The Navy corvette was christened the KRI Usman-Harun 359 in honour of Second Sgt. Usman bin Haji Muhammad Ali and Second Cpl. Harun bin Said, who were executed in Singapore in 1968 after carrying out an Orchard Road bombing that killed three and injured 33.
Indonesia had previously named them national heroes.
Indonesia’s refusal to rename the ship has sparked a public outcry in Singapore, with several of its senior government officials condemning the Indonesian government for tearing open old wounds.
Acting Singapore manpower minister Tan Chuan-Jin called Indonesia’s insistence in keeping the name a sign of disrespect, callousness and insensitivity.
“It is one thing to remember your heroes from your wars of independence, or those who have built your nation. But it is another thing altogether when you celebrate those who had acted in a brutal and cowardly manner. There is nothing heroic about killing innocent civilians,” Tan, a one-star general before he entered politics, wrote on his Facebook page, as reported by Singaporean daily The Strait Times.
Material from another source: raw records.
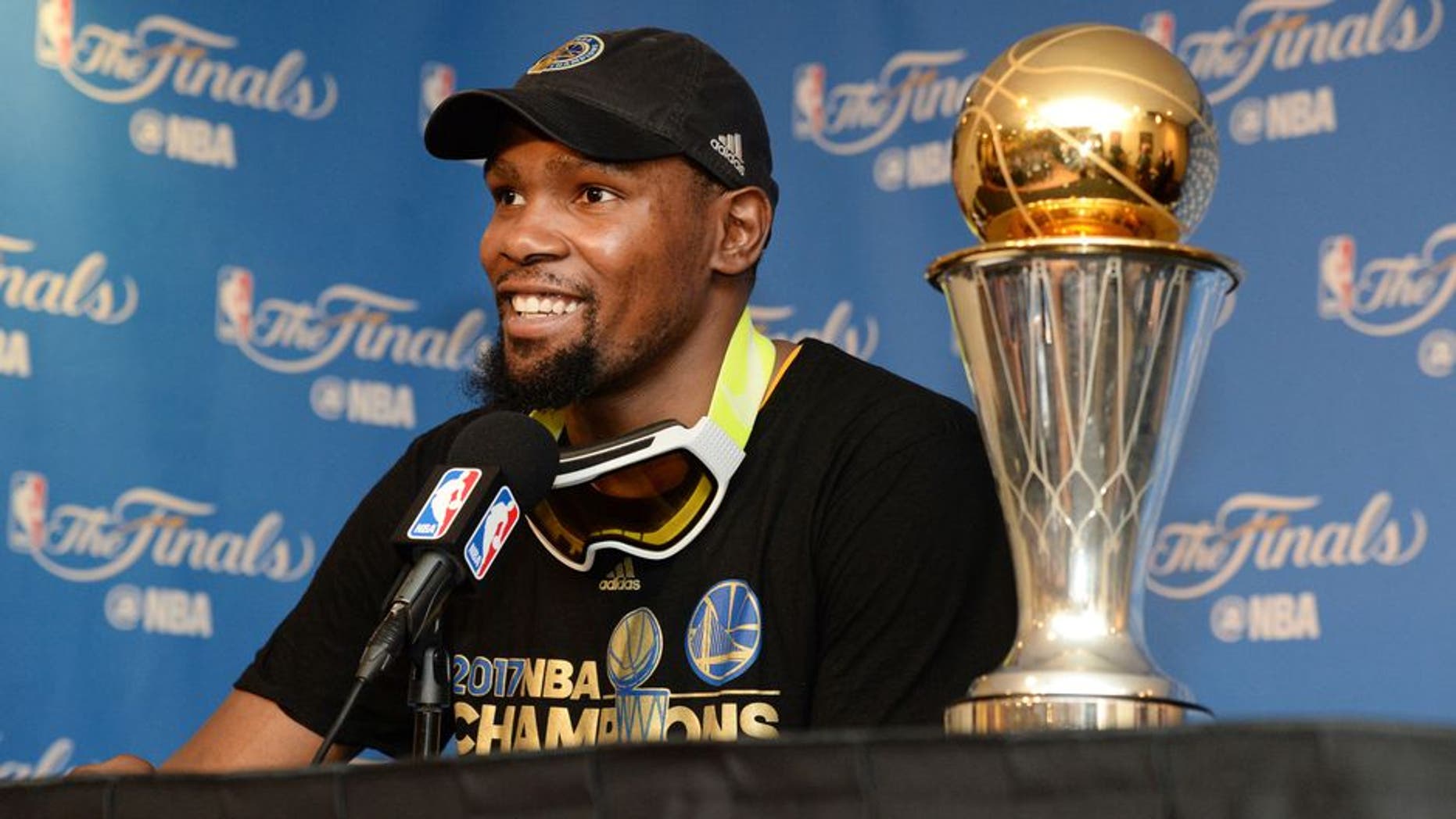 OAKLAND, CA - JUNE 12: NBA Finals MVP Kevin Durant #35 of the Golden State Warriors speaks to the media after winning the NBA Championship in Game Five of the 2017 NBA Finals against the Cleveland Cavaliers on June 12, 2017 at ORACLE Arena in Oakland, California. NOTE TO USER: User expressly acknowledges and agrees that, by downloading and/or using this photograph, user is consenting to the terms and conditions of Getty Images License Agreement. Mandatory Copyright Notice: Copyright 2017 NBAE (Photo by Andrew D. Bernstein/NBAE via Getty Images)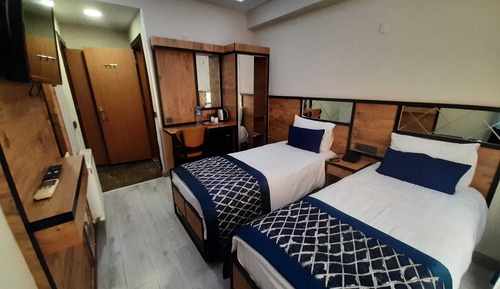 Habitación estándar con 1 cama doble o 2 individuales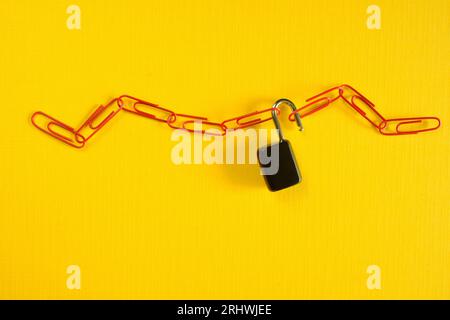 business concept, threat to internet security,protection of data or digital asset against unauthorized accesswith chain of paper clips and open lock Stock Photo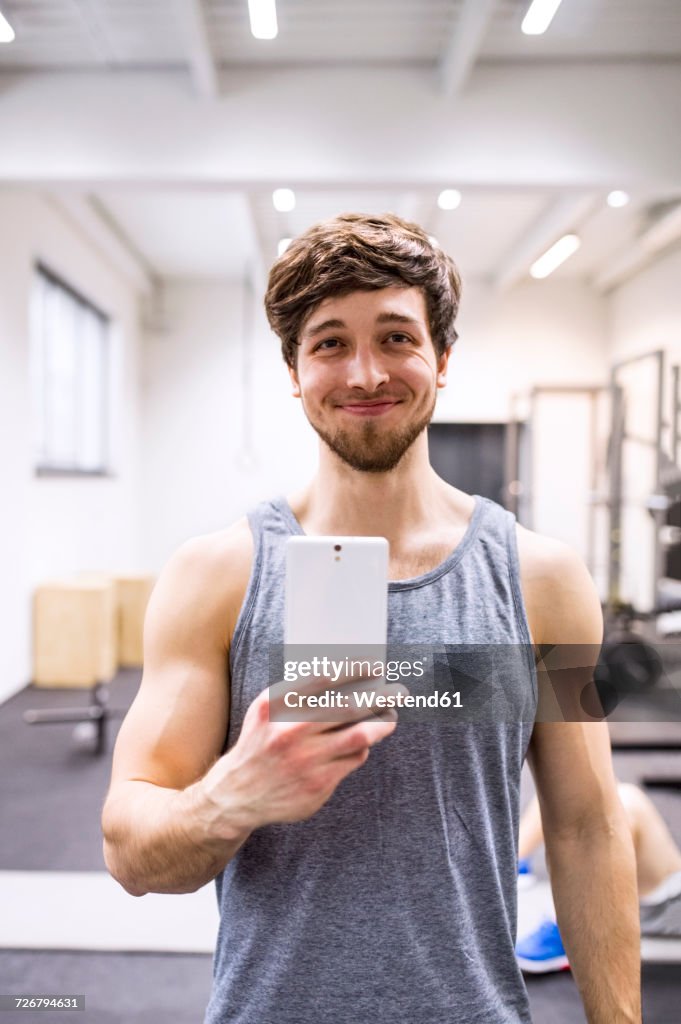 Young athete taking selfies in gym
Singapore Second Minister for Defence Chan Chun Sing expressed his disappointment over the Indonesian government’s intransigence, which Chan said put bilateral ties at stake.
“I hope the Indonesian leaders will not sacrifice our bilateral relations, so carefully built up, to domestic politics through carelessness,” the former army attaché to Jakarta said.
Both ministries made their public comments following similar concerns raised by Deputy Prime Minister Teo Chee Hean, Defence Minister Ng Eng Hen and Foreign Minister K. Shanmugam.
The heightened tension between Indonesia and Singapore over the naming of the Navy corvette has prompted national defence forces to heighten their alertness.
On Saturday, commotion was raised after flight safety officers at Batam’s Hang Nadim International Airport said F-16 or F-4 fighters allegedly belonging to the Singaporean military had been detected illegally entering airspace over Batam, Riau Islands province, Friday.
Defence Ministry spokesman Sisriadi, however, denied that the detected aircraft belonged to Singapore. He said the jets belonged to Australia and were on their way to Singapore for the air show.
“Those planes had secured permission to pass through our airspace,” Sisriadi said.
Despite the deleterious effect to bilateral ties, Sisriadi emphasised that Indonesia would not rename the ship.
“Our decision is firm. Indonesia can’t change the name of a warship or a place or anything else given in respect to individuals we consider as heroes because some countries might object to it due to historical considerations. They will forever be our heroes. We hope Singapore understands this,” he said.
Separately, University of Indonesia international law professor Hikmahanto Juwana said Singapore was overreacting.
“The concern expressed by Singapore is inappropriate and will harm the good relations between the two countries,” he said.